Funktionsweise des Proximity Ligation Assays (PLA)

• Duolink^® Proximity Ligation Assay
  
• Nachweis der Dimerisierung von EGFR und HER2 mit dem Duolink^®-Proximity-Ligation-Assay
• Duolink^®-PLA-Kontrollkit
• Protein-Nachweisformate für Duolink^®-PLA-Produkte
• Der Einstieg in die Duolink^®-PLA-Technologie

Duolink^®-Proximity-Ligation-Assay

Der Duolink^®-Proximity-Ligation-Assay (PLA) ist ein leistungsfähiges Instrument, das den In-situ-Nachweis von endogenen Proteinen, Proteinmodifikationen und Proteininteraktionen mit hoher Spezifität und Empfindlichkeit ermöglicht. Proteinziele lassen sich in unveränderten Zellen und Geweben leicht nachweisen und mit Einzelmolekülauflösung lokalisieren. In der Regel werden zwei primäre Antikörper, die in verschiedenen Spezies gezüchtet wurden, verwendet, um zwei eindeutige Proteintargets nachzuweisen (Abbildung 1A). Ein Paar Oligonukleotid-markierter Sekundärantikörper (PLA-Sonden) bindet dann an die Primärantikörper (Abbildung 1B). Danach verbinden hybridisierende Adapter-Oligos die PLA-Sonden nur dann, wenn sie sich in unmittelbarer Nähe zueinander befinden, und die Ligase bildet ein geschlossenes, zirkuläres DNA-Template, das für die Rolling-Circle-Amplifikation (RCA) erforderlich ist (Abbildung 1C). Die PLA-Sonde dient dann als Primer für eine DNA-Polymerase, die während der RCA konkatemerische Sequenzen erzeugt (Abbildung 1D). Dies ermöglicht eine bis zu 1000-fache Verstärkung des Signals, das immer noch an die PLA-Sonde gebunden ist, wodurch die Lokalisierung des Signals möglich wird. Schließlich hybridisieren die markierten Oligos mit den komplementären Sequenzen innerhalb des Amplikons (Abbildung 1E), die anschließend als separate Spots (PLA-Signale) durch mikroskopische Bildanalyse sichtbar gemacht und quantifiziert werden (Abbildung 1F). Duolink^® PLA kann an adhärenten Zellen, Cytospin-Präparaten und Gewebeschnitten auf Glasobjektträgern mittels Immunfluoreszenz (d. h. grünem, rotem, tiefrotem oder orangefarbenem Nachweis) oder Immunhistochemie (d. h. Peroxidase-katalysierter Reaktion) durchgeführt werden. Darüber hinaus kann Duolink^® PLA an Blut- oder Suspensionszellen zum Nachweis mittels Durchflusszytometrie durchgeführt und in Multi-Well-Platten (z. B. 96- oder 384-Well) mit einem High-Content-Screening-Imager für die Hochdurchsatzanalyse verwendet werden. Die hohe Spezifität, Sensitivität und Vielseitigkeit von Duolink^®-PLA machen es zu einer idealen Methode für die Pathwayanalyse, die Kinetik von Wirkstoff-Screens, die Bestimmung von IC50 und die Targetvalidierung.
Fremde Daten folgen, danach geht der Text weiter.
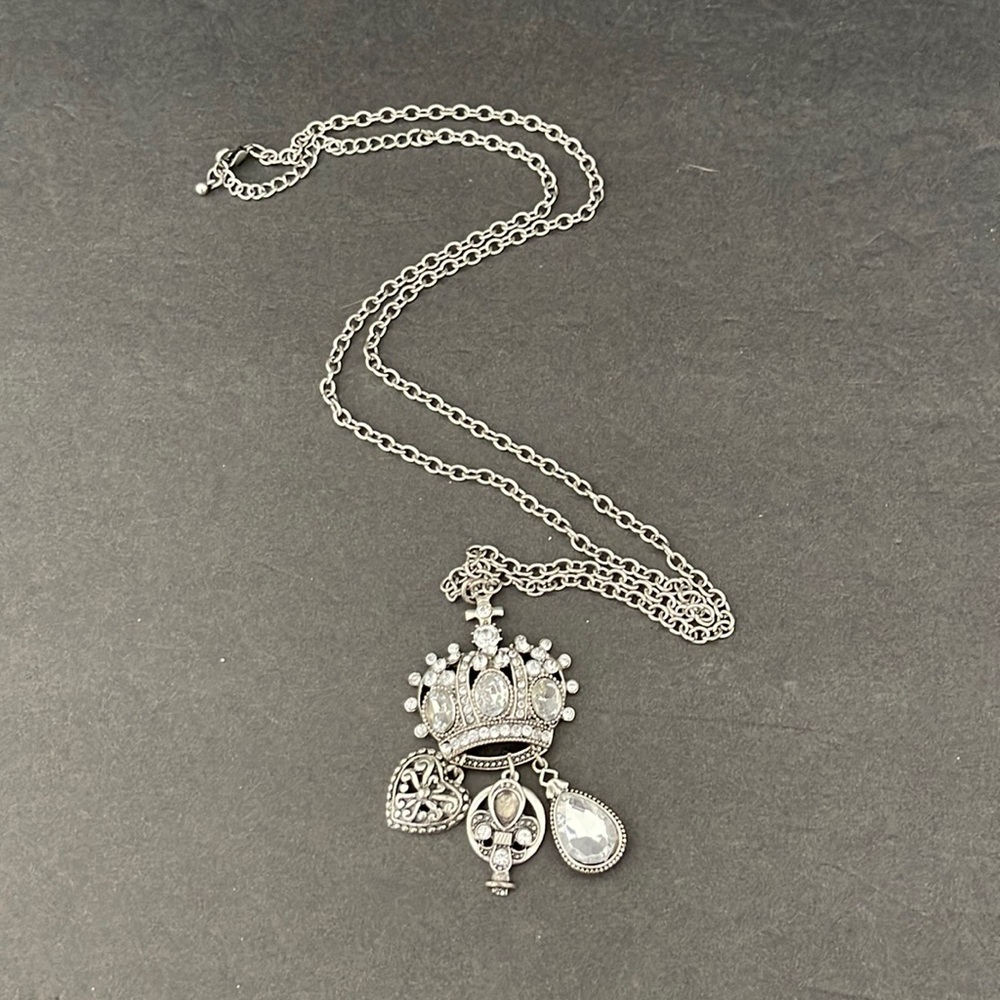 CROWN NECKLACE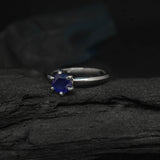 Anillo de compromiso con zafiro natural de 1.0ct corte brillante elaborado en oro blanco de 14k
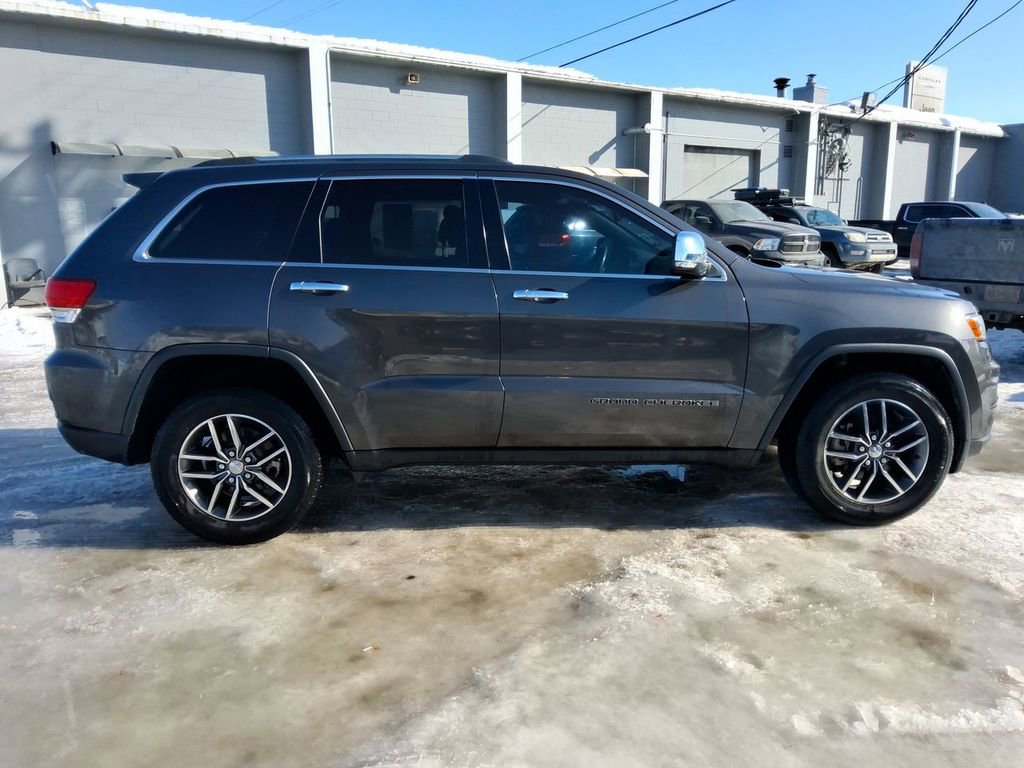 Used 2018 Jeep Grand Cherokee Limited image 9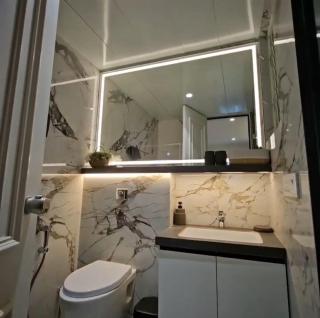 Neon - Royal Nest Aerotel with Pvt Balcony -1 km from Airport - Pune - 7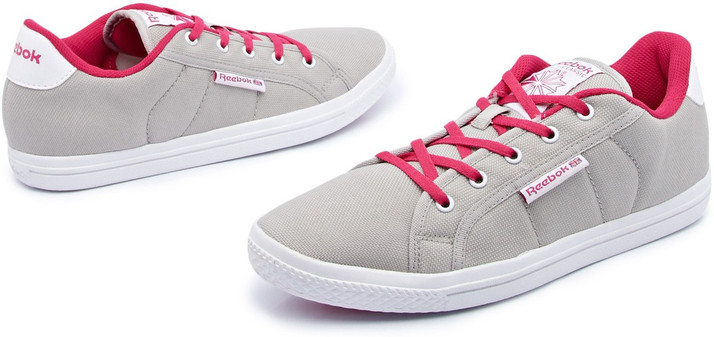 flipkart reebok canvas shoes
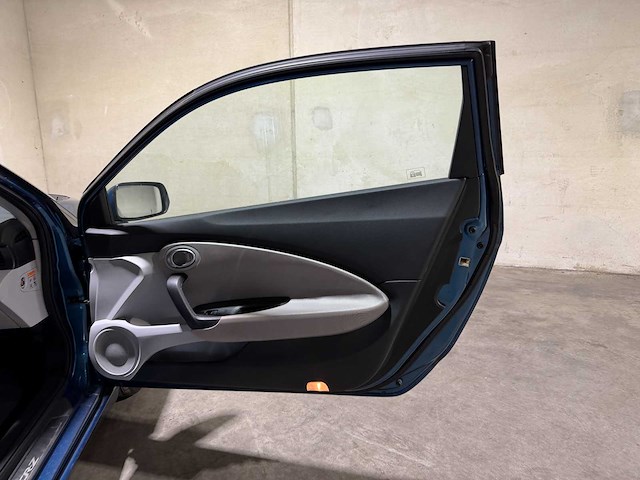 Honda cr-z 1.5 i-vtec ima s 114pk 2010, p-620-jg - afbeelding 28 van  40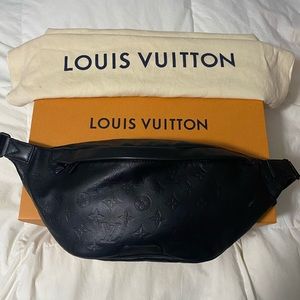 Louis Vuitton Bumbag Discovery Monogram Calf Skin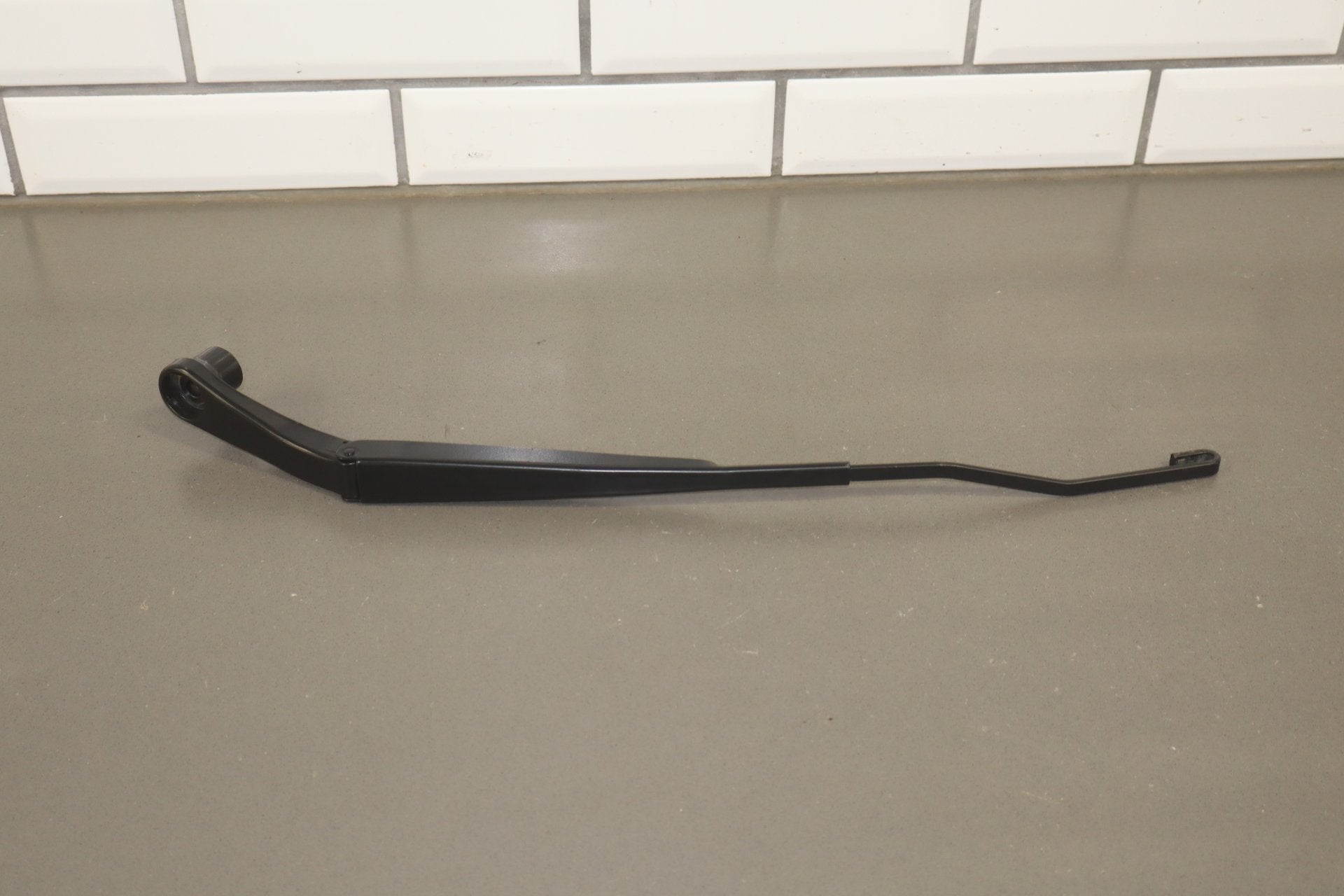 2016 Dodge Challenger Scat Pack Shaker Wiper Arm Pair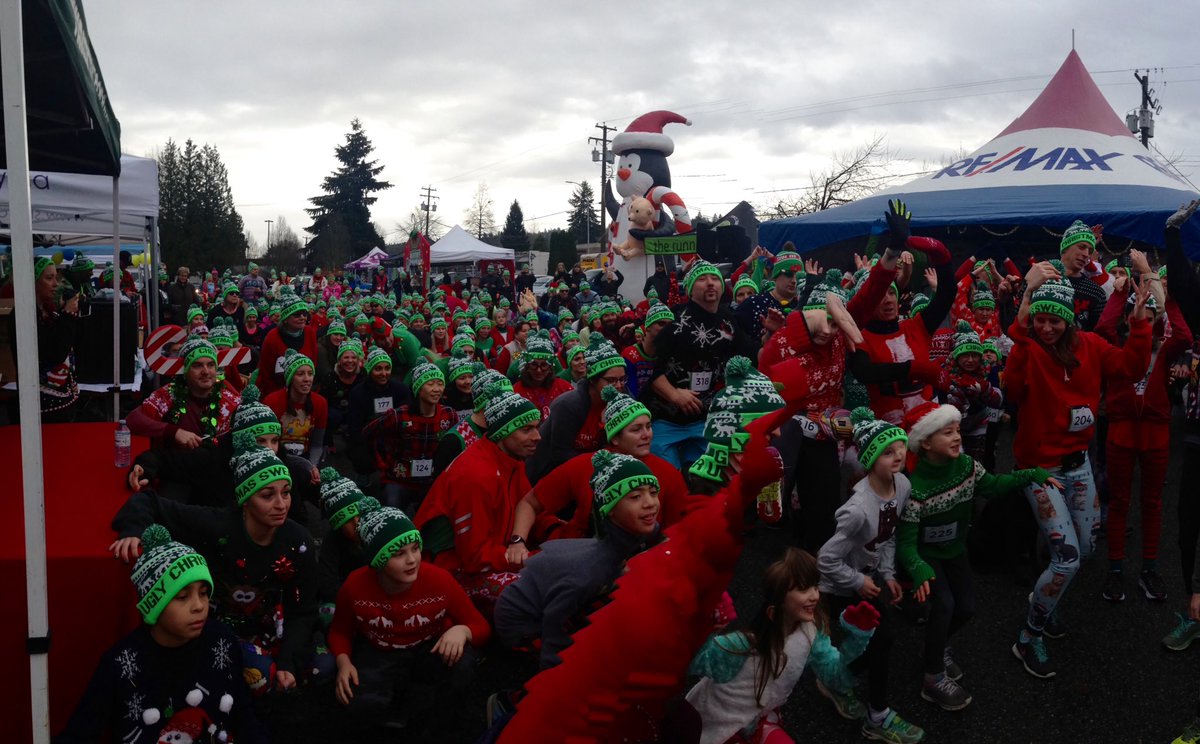 Had a great morning helping out <a href="/nowthatsugly/">Ugly Sweater Dash 5k</a> for <a href="/MakeAWishCA/">Make-A-Wish Canada</a> #uglydash #run #event #xmasware w/<a href="/GraceChoiEvents/">Grace Choi</a>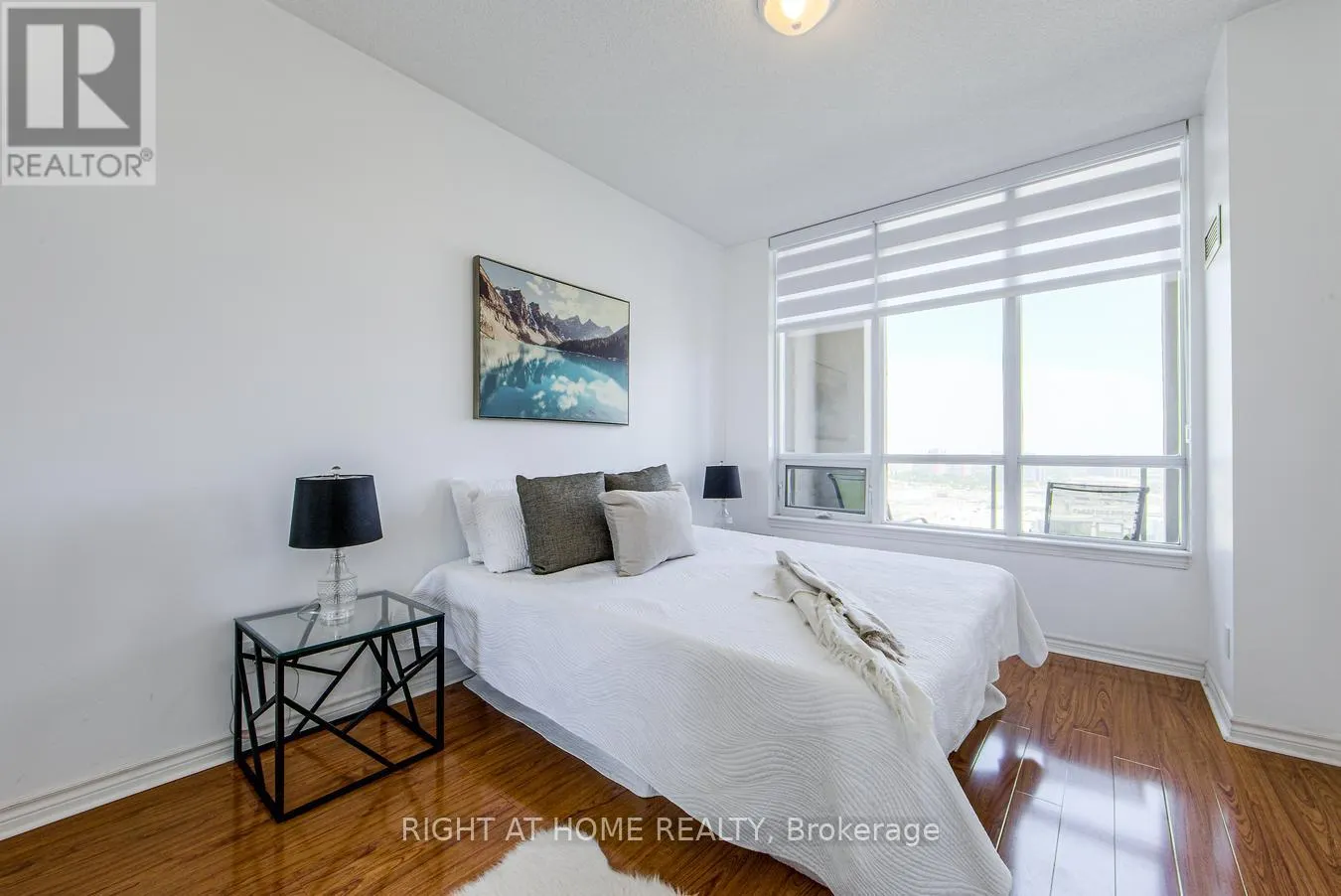 1809 - 388 PRINCE OF WALES DRIVE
Abbildung 1. Schematische Darstellung einer Duolink^® PLA Reaktion. A) Zwei primäre Antikörper erkennen (ein) spezifische(s) Protein(e) von Interesse in der Zelle. Die gelben und grünen Kügelchen stellen zwei Epitope eines einzelnen Proteins oder Epitope auf zwei verschiedenen Proteinen dar, die miteinander interagieren. (B) Mit Oligonukleotiden gekoppelte sekundäre Antikörper (PLA-Sonden) binden an die primären Antikörper. (C) Wenn sich die PLA-Sonden in unmittelbarer Nähe befinden, verbinden sich die Adapter-Oligos mit den PLA-Sonden und werden ligiert. (D) Das entstandene geschlossene, zirkuläre DNA-Template wird durch die DNA-Polymerase amplifiziert. (E) An Fluorochrome gekoppelte komplementäre Oligos für den Nachweis hybridisieren an sich wiederholende Sequenzen in den Amplikons. (F) PLA-Signale werden durch Fluoreszenzmikroskopie als separate Flecken erkannt und geben Aufschluss über die intrazelluläre Lokalisierung des Proteins oder der Proteininteraktion.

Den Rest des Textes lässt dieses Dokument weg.